How do you visualize the invisible?

That’s the question teams from around the world had to answer for the annual IEEE Antennas and Propagation Society Student Design Contest. It challenged them to demonstrate the design of an array with beamforming capability for Direction of Arrival determination in a practical application and provide educational material to explain it.

In other words, teams had to take a complex and intangible phenomenon and make it accessible to students.

BYU students Whitney Kinnison, Ben Francis, Elias Guañuna, Keaton Shurilla, and Batsaikhan “Sam” Ariun-Erdene formed the team Dangerous Directivity and took up the challenge for their Capstone project. Annette Steed (BYU EE '98) coached the team.
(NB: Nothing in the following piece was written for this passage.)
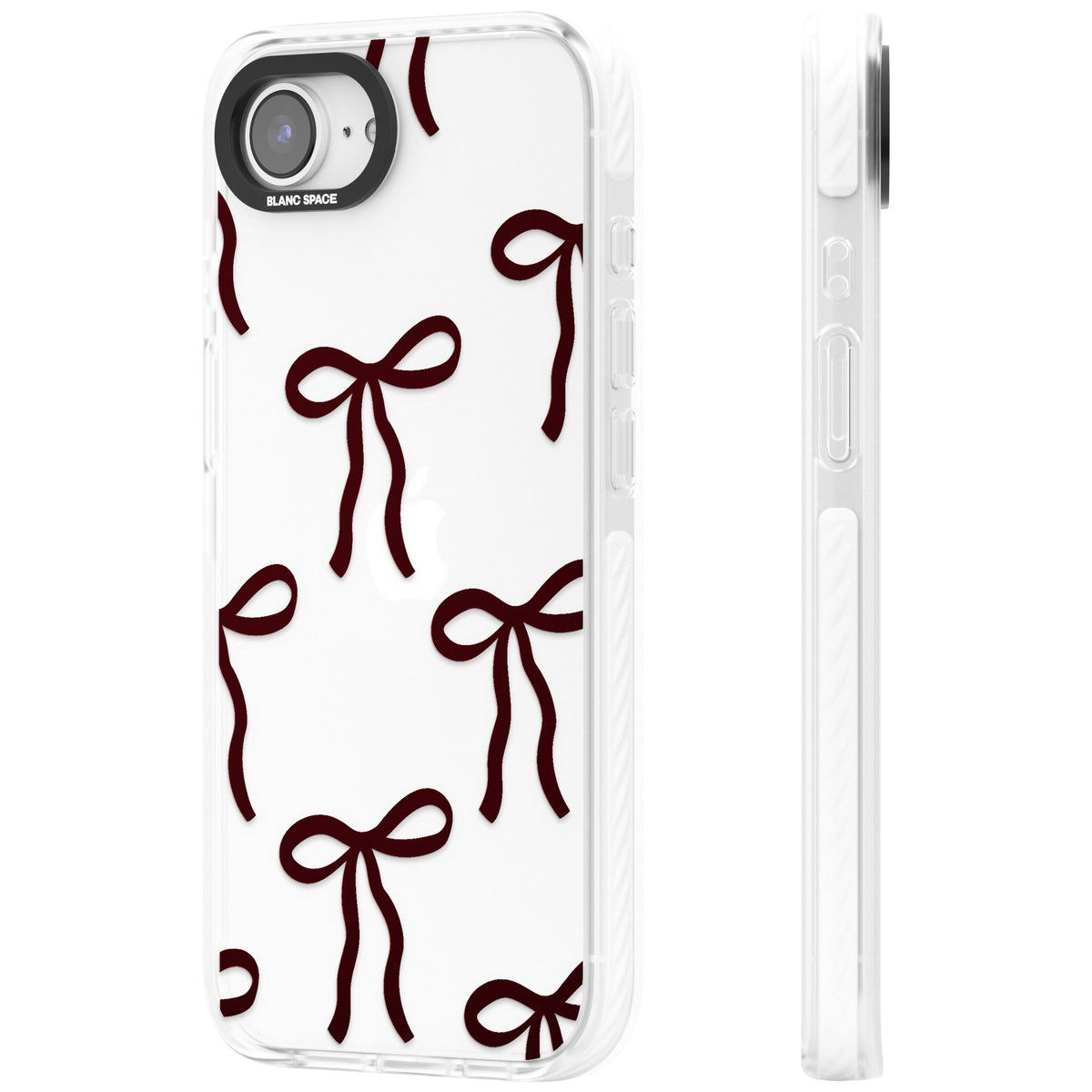 Burgundy Bows iPhone 16e / iPhone 17e Impact Clear Phone Case side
The projector they designed displays a band of color on the floor that follows a user holding a radio transmitter. Faculty advisor Dr. Karl Warnick said he originally tried to direct them towards sophisticated, more technically challenging solutions, but then someone came up with the projector idea. It was simple, but brilliant.

“They just made a really visually simple way to understand it that would appeal to anyone,” he said. “I really want them to polish up their hardware and have it here as part of our department tour.”

The contest judges had similar feelings. Dangerous Directivity and five others qualified for the competition finals, and IEEE funded these teams with $1500 each to build and test their designs.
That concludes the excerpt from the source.